THE remarks made in your number of December 18 by my friend Prof. Balfour are founded on the mistake lie has made in supposing that it is proposed to abolish the regulation requiring attendance on the courses of lectures on Botany and Zoology. There is no question raised between mere examining boards and teaching institutions, between compulsory and optional attendance on professors' lectures. It is simply that the candidate for medical degrees be allowed to take the examination in Zoology and Botany earlier than is at present permitted. At present the examination in these subjects in Edinburgh University is fixed by ordinance at the end of the second of the four years of medical study, and in this University, while the Botany comes at that time, the Zoology is actually not till the end of the third year, so that our case is even worse than that of Edinburgh. Prof. Balfour says, “The student might be encouraged to take his science examination at an early period of his curriculum, say at the end of his first year of study.” That is exactly the result practically aimed at here, and I am quite at one with him on the subject.
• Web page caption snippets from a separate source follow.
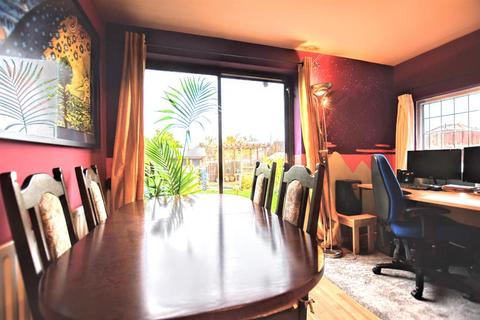 29 Alderson Drive, Barnsley, S71 1UU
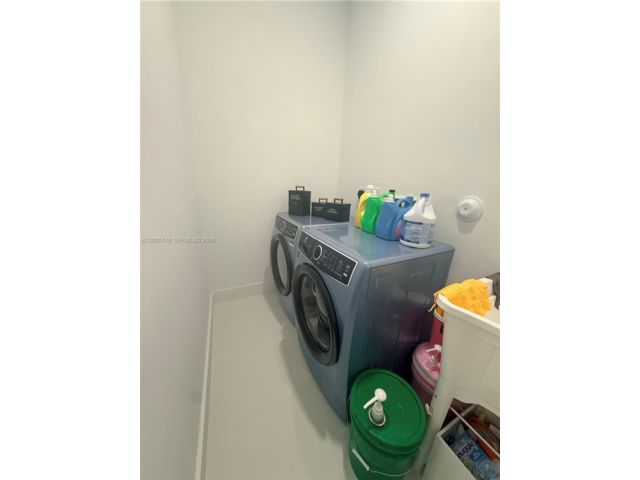 [PHOTO]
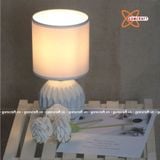  Đèn ngủ để bàn sứ cao 26cm 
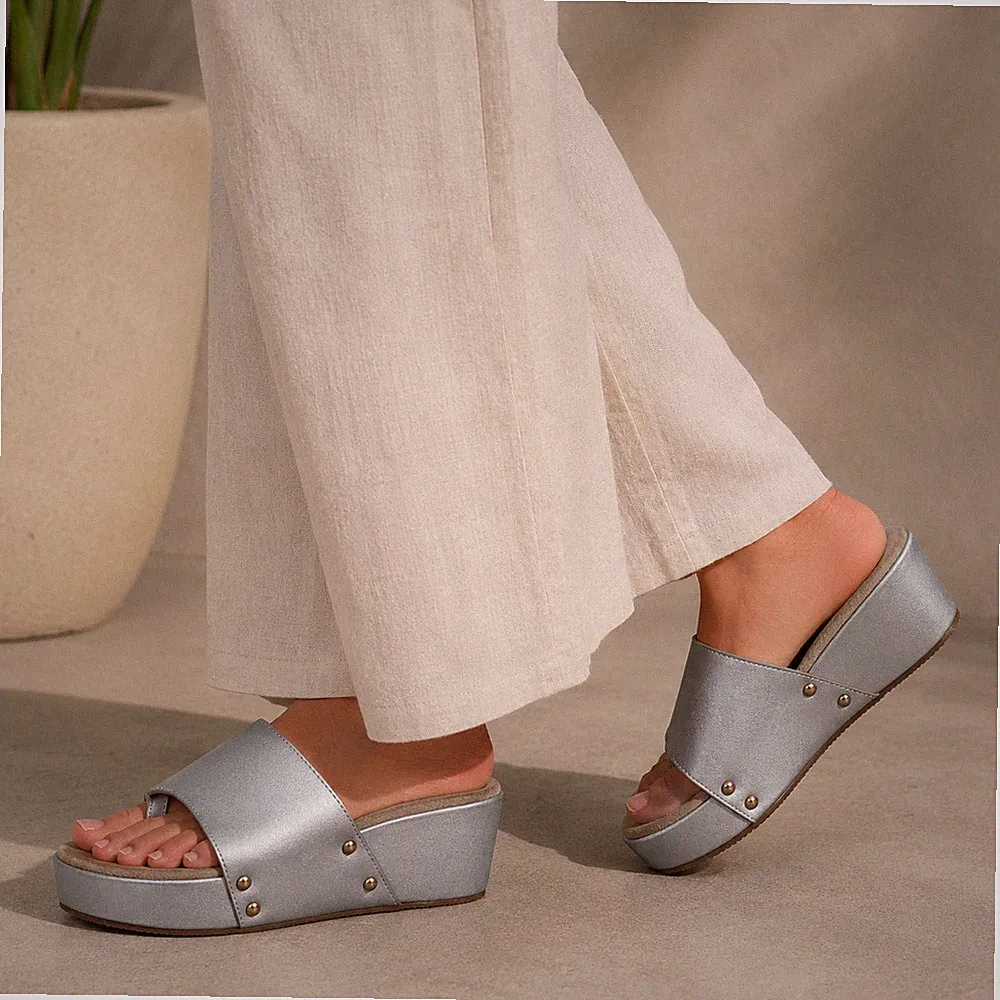 Damen-Sandalen Komfort Plateau Keilabsatz Slipper offene Zehenpartie Ring Nieten Sommerschuhe
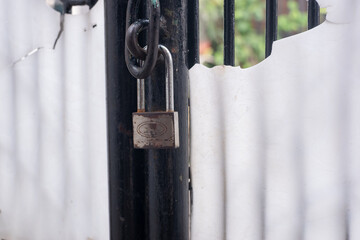 rusty house fence padlock. Old rusty Padlocks. Rusty door latch padlock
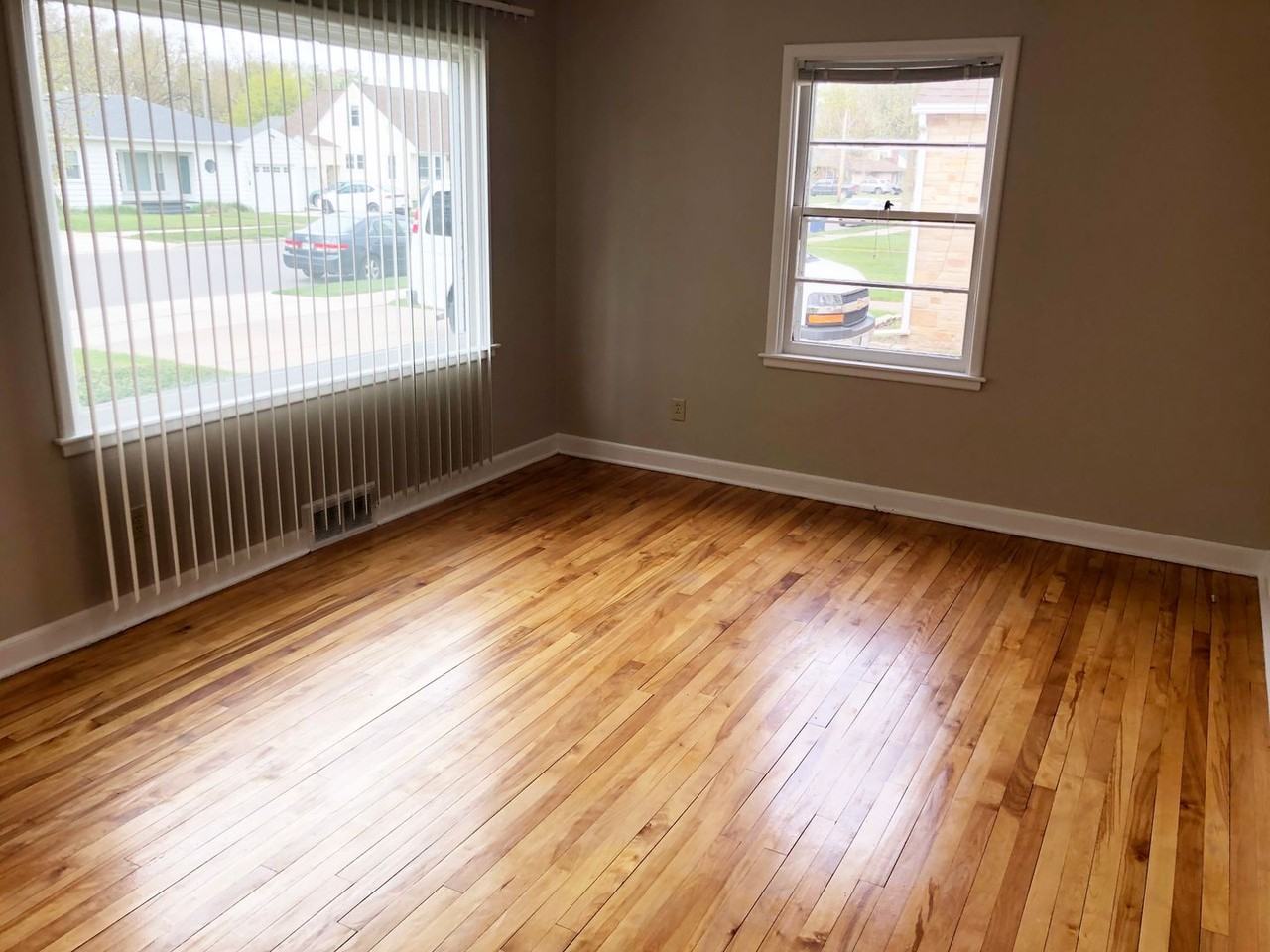 717 Kent St - Photo 6 of 23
But why prevent the student from taking the examination in Botany and Zoology before entering on his medical curriculum proper, if he has attended the professor's class and is ready for it? Very few would at present do so, as it would imply a preliminary year of attendance at the Universities to obtain the courses of Zoology and Botany. But is it not a very desirable thing, from every point of view, to encourage this? So far from lowering the standard in these subjects, or promoting cramming, it would do exactly the reverse. It would enable real study to take the place of the cramming which is inevitable when these subjects are left over to be mixed up with medical studies proper.